How he gamed the transition rules
Trump flat-out refused the normal federal transition money, which would’ve capped donations at a few thousand bucks a person and forced him to disclose who paid within 30 days of taking office. By walking away from that deal, he set up a private Florida nonprofit, Trump Vance 2025 Transition Inc., that could rake in unlimited checks, avoid donor caps, and delay any names or amounts from the public for a year or more. That move was sold as “saving taxpayers’ money,” but in reality it was a clean way to dodge transparency rules and keep conflicts of interest hidden while he staffed the government.
Who wrote the checks
When he finally coughed up a donor list, it was just 46 people, and it reads like a who’s-who of right-wing billionaires and future insiders. You’ve got big-money traders and hedge fund guys like Jeff Yass and Paul Singer, mega-donors like Linda McMahon and Howard Lutnick, and real estate players like Steve Witkoff all listed as transition backers. Several of them then magically show up in power: McMahon and Lutnick as education and commerce secretaries, Witkoff as the Middle East envoy, and Stanley Woodward in a senior Justice Department role, meaning the people who bankrolled the ramp-up literally walked into the building with badges and titles.
Think tanks as staffing farms
Because he started late and refused the normal transition structure, the operation leaned heavily on Heritage Foundation, America First–style outfits, and the Project 2025 crowd to do the homework: write the policy memos and hand over pre-vetted loyalists for thousands of political jobs. Analysts have already mapped that something like two-thirds or more of his cabinet and top-tier appointees have ties to Heritage, America First Policy Institute, or Project 2025, so the ideological pipelines are basically running the personnel office.
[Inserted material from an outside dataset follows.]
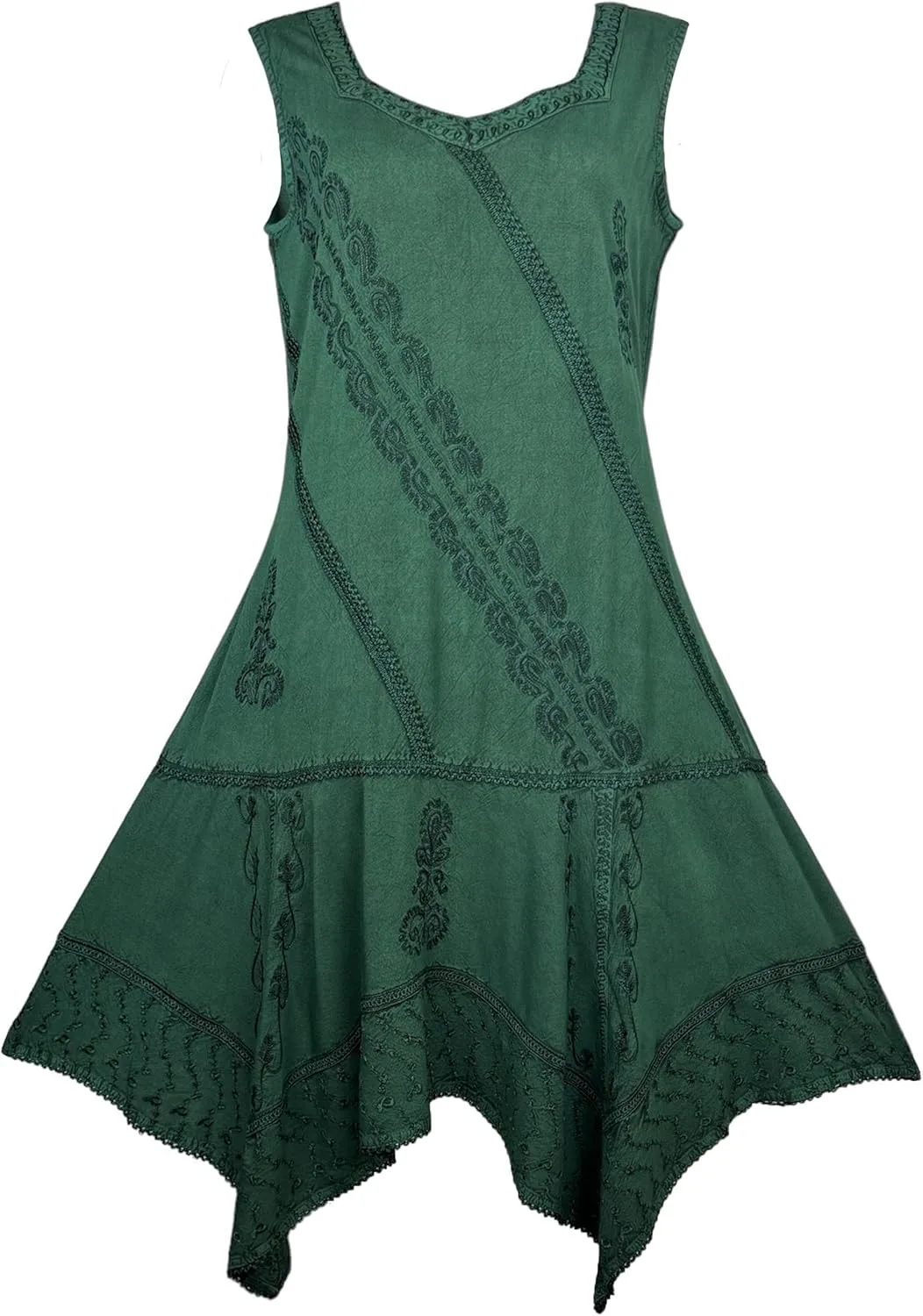 Agan Traders 2025 Spring Asymmetrical Hem Sleeveless Formal Dress - Boho Peasant Embroidered Long Maxi Dresses for Women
That’s why the administration feels less like a mixed bag of technocrats and more like a movement project staffed by people whose careers are literally built around his agenda.
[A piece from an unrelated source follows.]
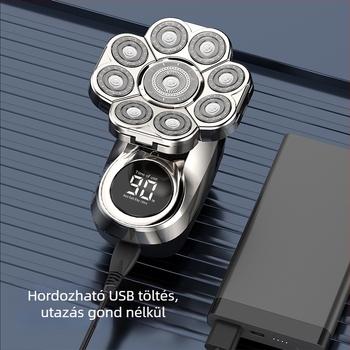 Elektromos borotva forgó többfejű fejjel (>4), beépített 500–800 mAh akkumulátor, 2 órás üzemidő, teljesen mosatható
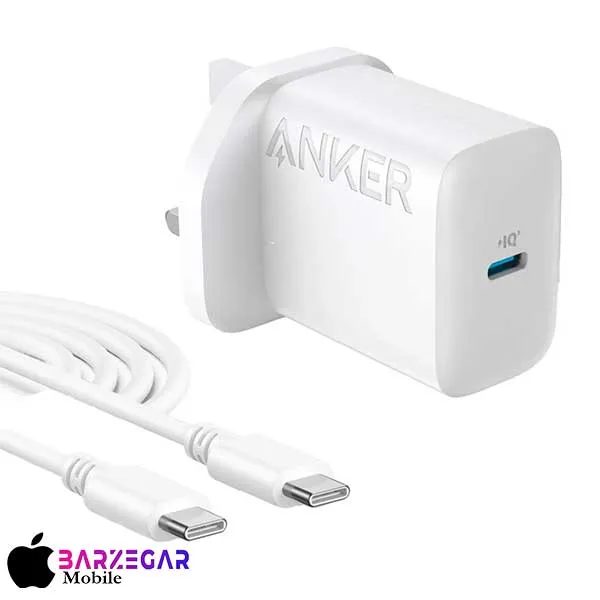 شارژر دیواری 20W انکر مدل Anker B2347UK21 (3 پین) + کابل دو سر Type-C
Why it feels like a loyalty cult
The whole structure is designed so that money, ideology, and jobs are all coming from the same small ecosystem, which means everyone around him owes their seat to the same donors and the same playbook. Outside experts have already flagged this as a huge conflict-of-interest and governance problem, saying it’s a “significant departure from established norms” and urging Congress to force future transitions to disclose donors and spending, regardless of whether they take federal cash. End result: instead of a broad-based administration, Trump is sitting on top of a vertically integrated machine—funded by a few rich backers, staffed out of a couple of hard-line think tanks, and loyal to him first, the public interest second if at all.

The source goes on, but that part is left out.